- **Required work**:
Since the listing below shows pictures, leave them out and write out exactly the lines from the line with "Besuk Personel Sakit" to the line with "Renee Sakuyas Studio: Haar", both included, and no others.

BEGIN Dataset excerpts

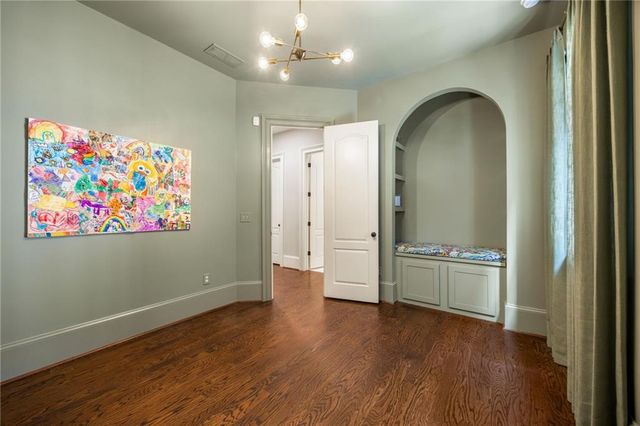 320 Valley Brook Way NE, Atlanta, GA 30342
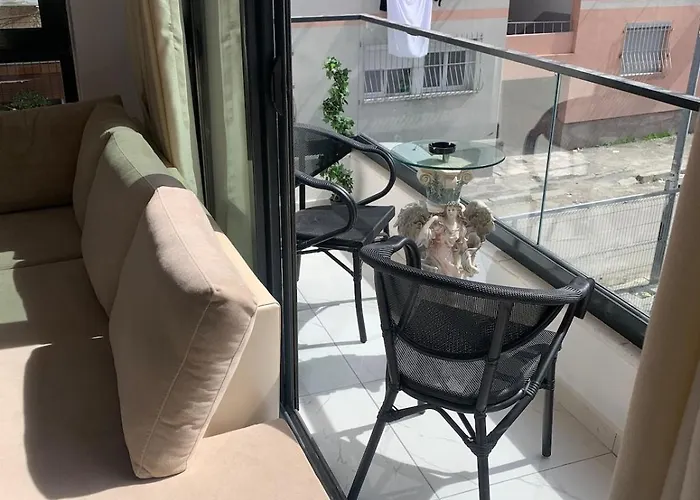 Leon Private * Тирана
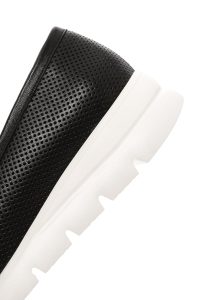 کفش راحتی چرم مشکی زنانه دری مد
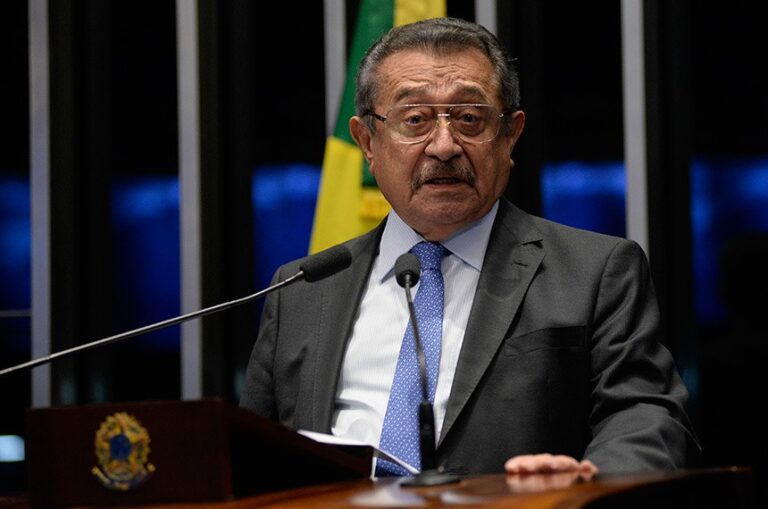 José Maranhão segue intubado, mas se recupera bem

END Dataset excerpts
BEGIN Dataset excerpts

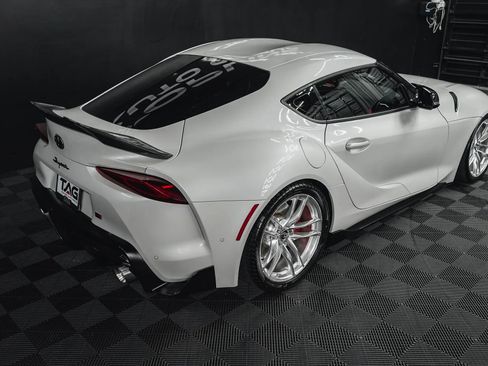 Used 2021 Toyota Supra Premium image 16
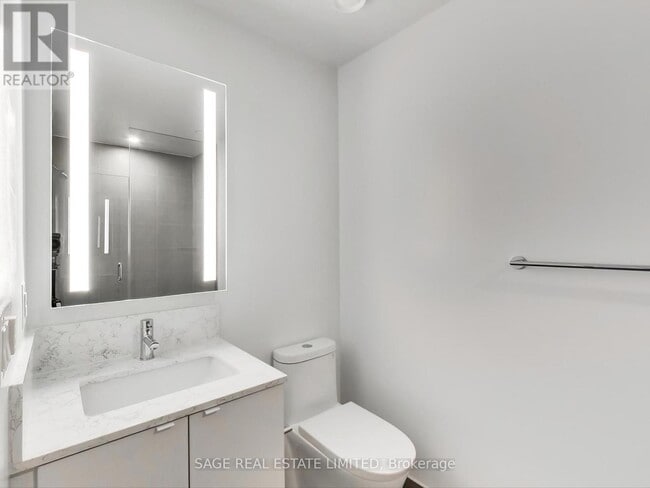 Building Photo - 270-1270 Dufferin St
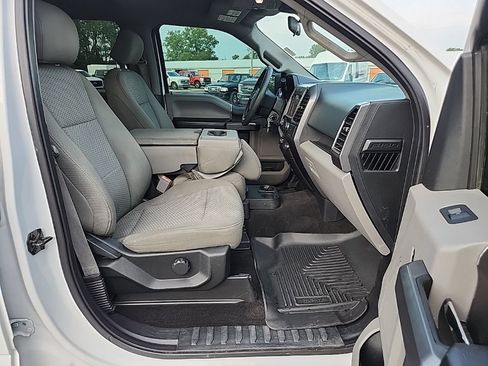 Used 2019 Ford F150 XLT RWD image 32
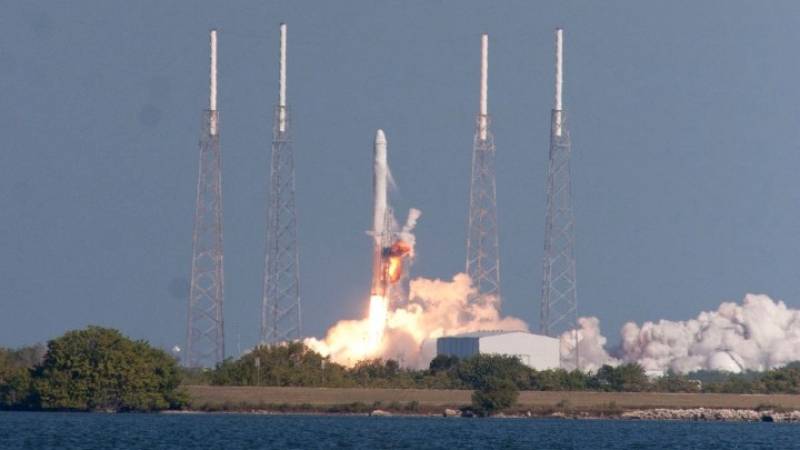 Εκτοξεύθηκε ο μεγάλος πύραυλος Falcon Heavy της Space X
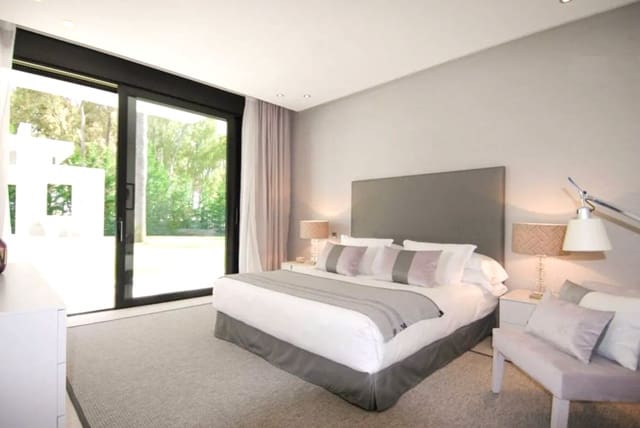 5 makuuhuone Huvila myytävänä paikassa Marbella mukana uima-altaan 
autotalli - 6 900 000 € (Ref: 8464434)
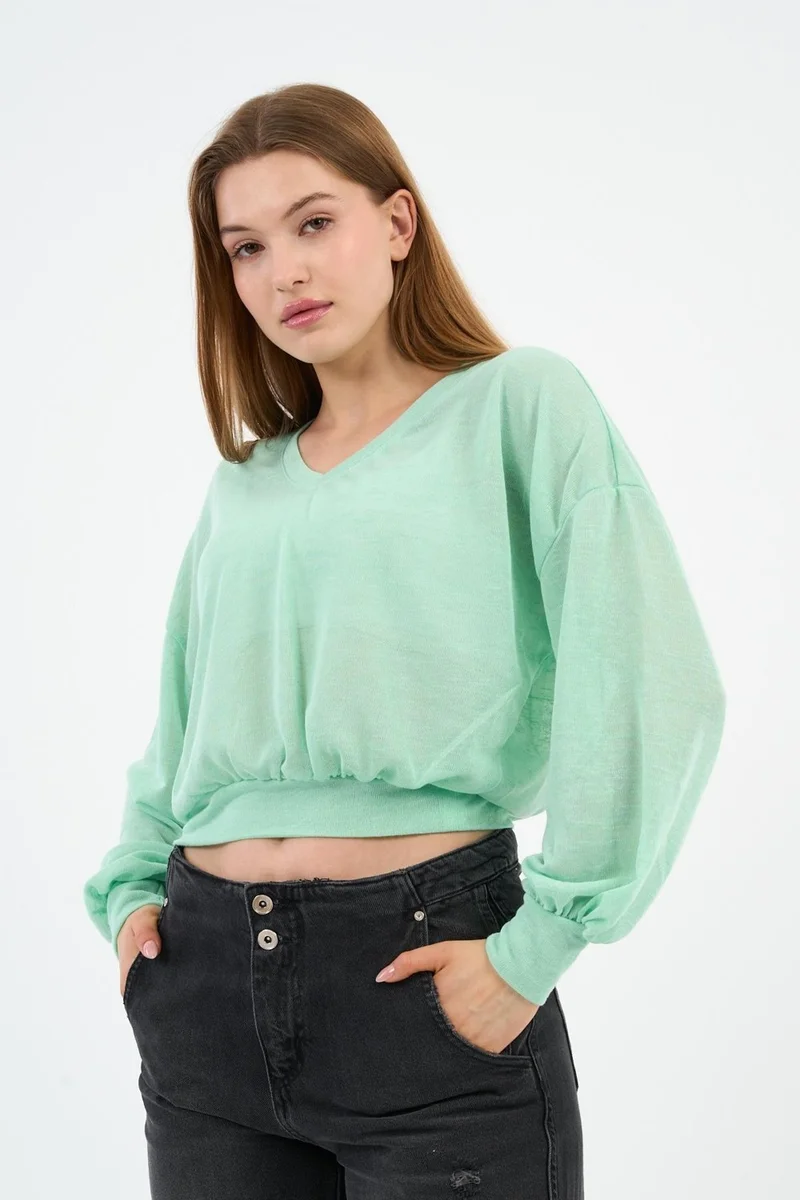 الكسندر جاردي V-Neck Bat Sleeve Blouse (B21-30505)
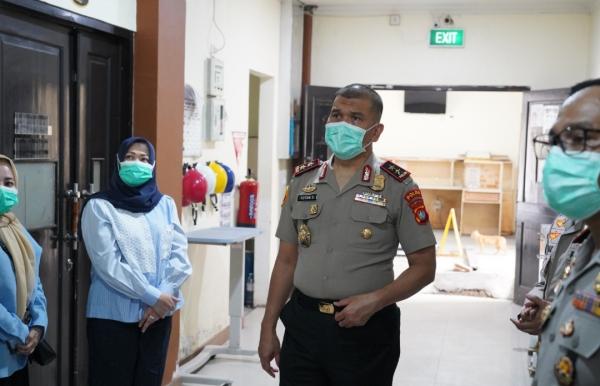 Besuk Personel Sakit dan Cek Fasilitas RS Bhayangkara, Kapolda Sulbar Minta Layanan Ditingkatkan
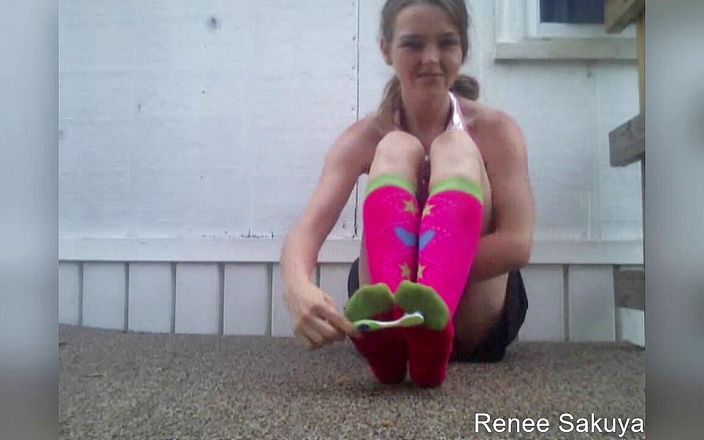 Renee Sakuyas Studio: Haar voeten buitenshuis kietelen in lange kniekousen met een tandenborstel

END Dataset excerpts

- **Result for this exercise**:
 Besuk Personel Sakit dan Cek Fasilitas RS Bhayangkara, Kapolda Sulbar Minta Layanan Ditingkatkan
 Renee Sakuyas Studio: Haar voeten buitenshuis kietelen in lange kniekousen met een tandenborstel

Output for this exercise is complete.